WHAT THE EXERCISE ASKS: From the data below, return only the lines from the one with "Land Rover RANGE" through the one with "Chic Boca Raton", exact and inclusive, with pictures left out.
##### PROVIDED INFORMATION #####
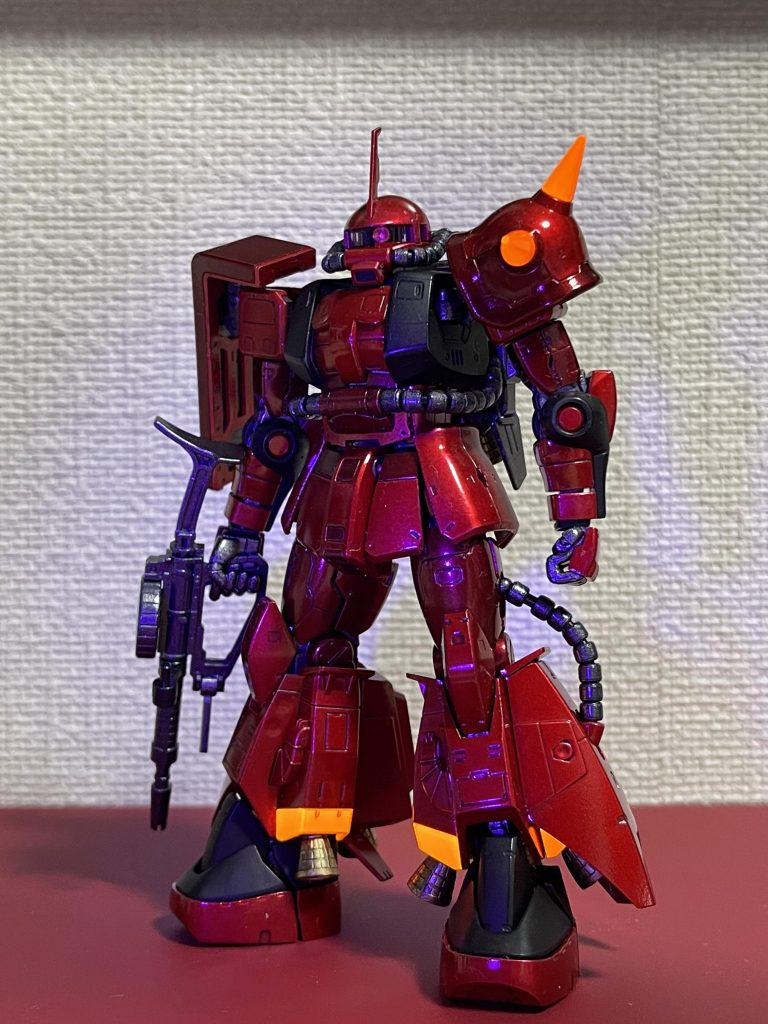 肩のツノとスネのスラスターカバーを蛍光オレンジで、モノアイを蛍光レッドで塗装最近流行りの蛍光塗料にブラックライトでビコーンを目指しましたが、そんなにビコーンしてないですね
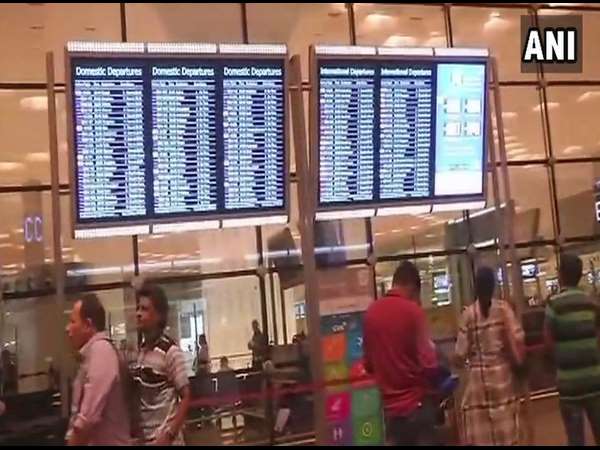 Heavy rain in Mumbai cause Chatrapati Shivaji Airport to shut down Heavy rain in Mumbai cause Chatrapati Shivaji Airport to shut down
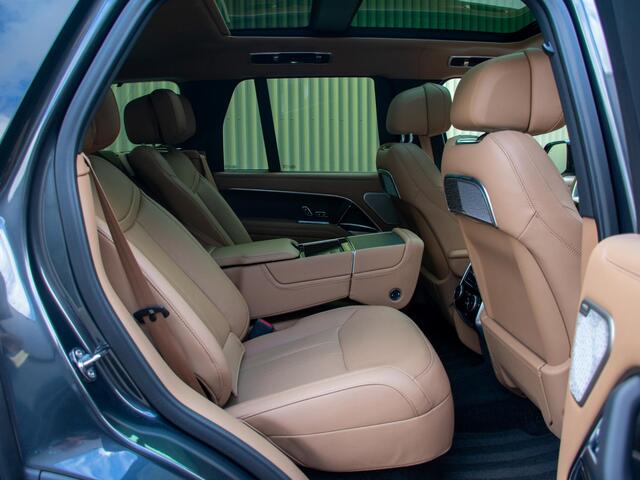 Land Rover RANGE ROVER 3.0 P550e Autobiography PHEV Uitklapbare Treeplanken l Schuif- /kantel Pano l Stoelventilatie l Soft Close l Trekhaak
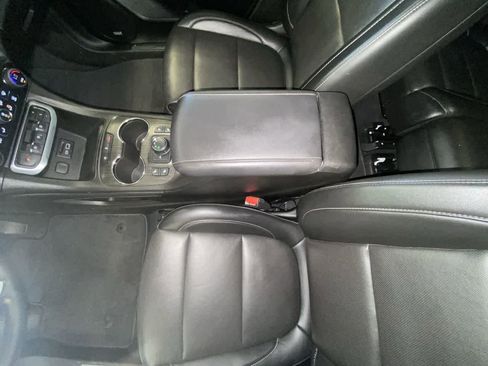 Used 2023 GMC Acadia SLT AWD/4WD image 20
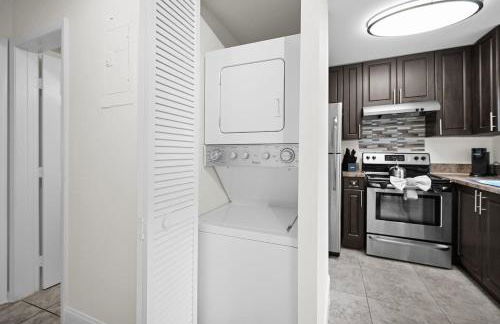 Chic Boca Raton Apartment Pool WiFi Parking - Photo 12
#####
##### PROVIDED INFORMATION #####
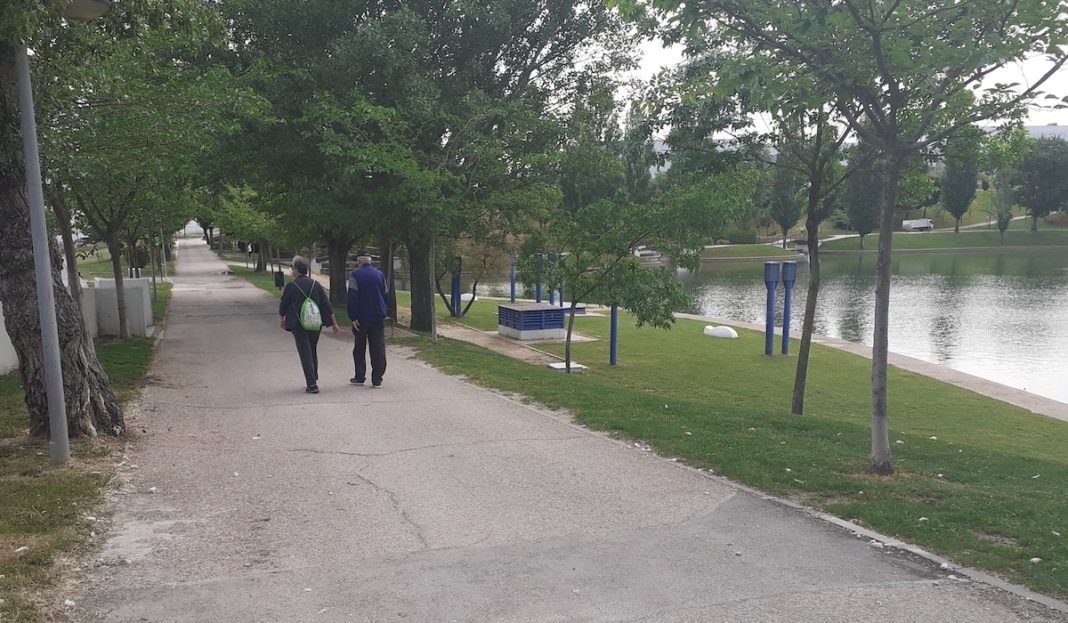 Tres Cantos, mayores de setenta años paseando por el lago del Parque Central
#####
##### PROVIDED INFORMATION #####
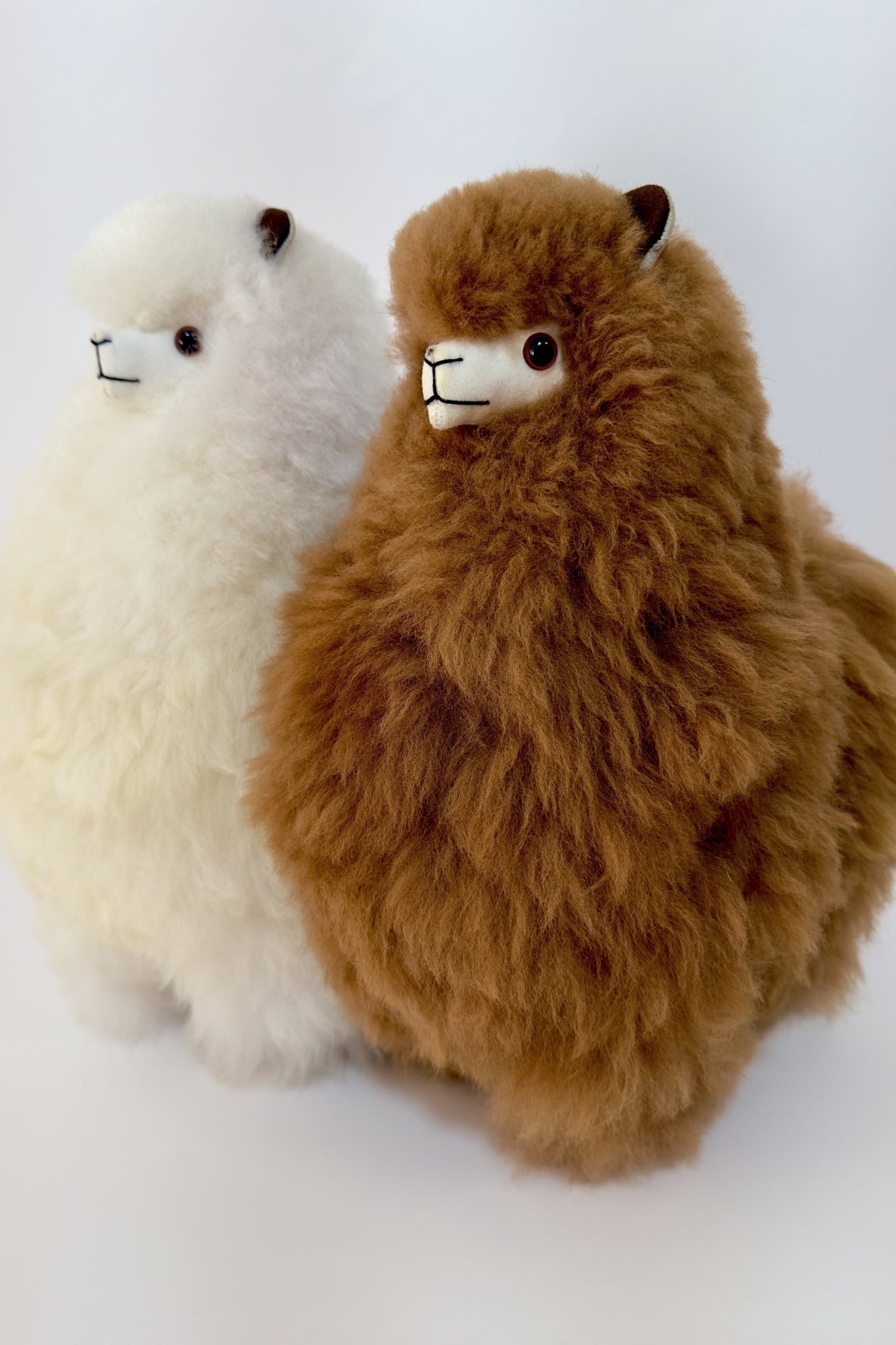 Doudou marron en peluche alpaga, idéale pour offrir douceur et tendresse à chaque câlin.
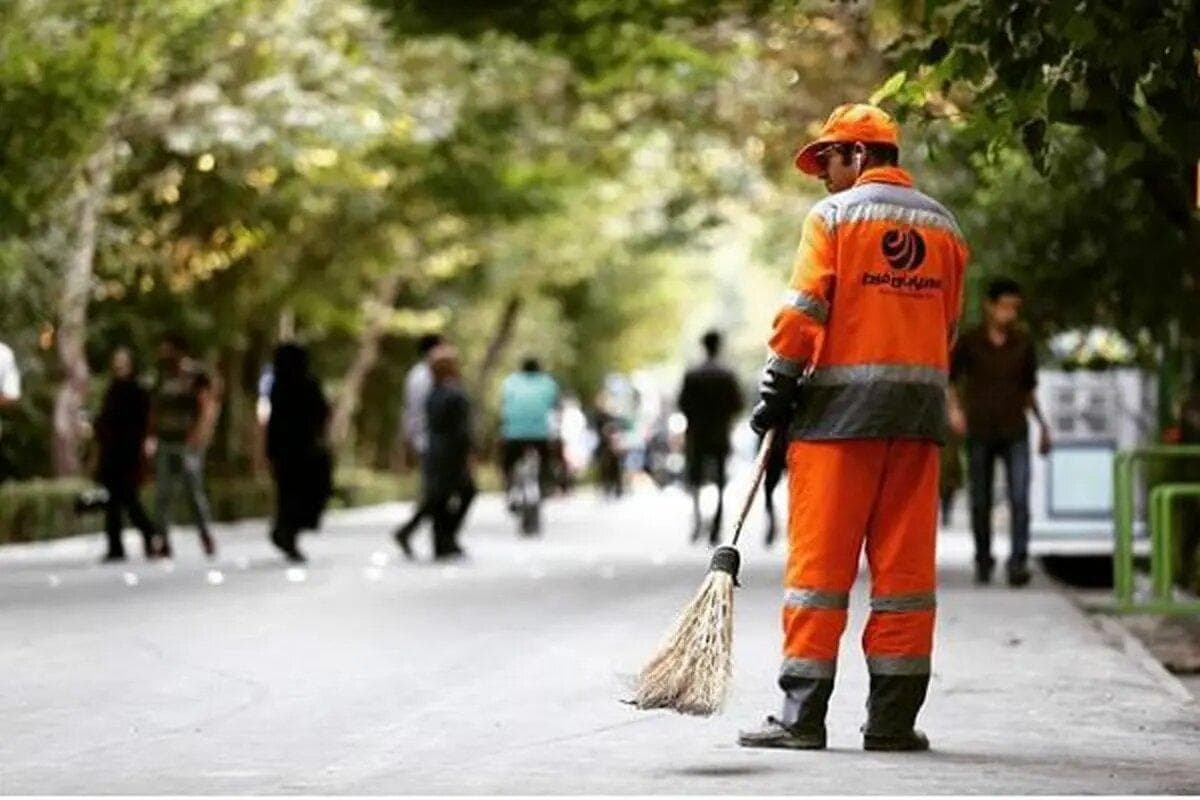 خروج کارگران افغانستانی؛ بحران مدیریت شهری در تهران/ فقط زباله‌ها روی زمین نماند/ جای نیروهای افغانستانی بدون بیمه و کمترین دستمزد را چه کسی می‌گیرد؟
#####
TASK OUTPUT:
 Land Rover RANGE ROVER 3.0 P550e Autobiography PHEV Uitklapbare Treeplanken l Schuif- /kantel Pano l Stoelventilatie l Soft Close l Trekhaak
 Used 2023 GMC Acadia SLT AWD/4WD image 20
 Chic Boca Raton Apartment Pool WiFi Parking - Photo 12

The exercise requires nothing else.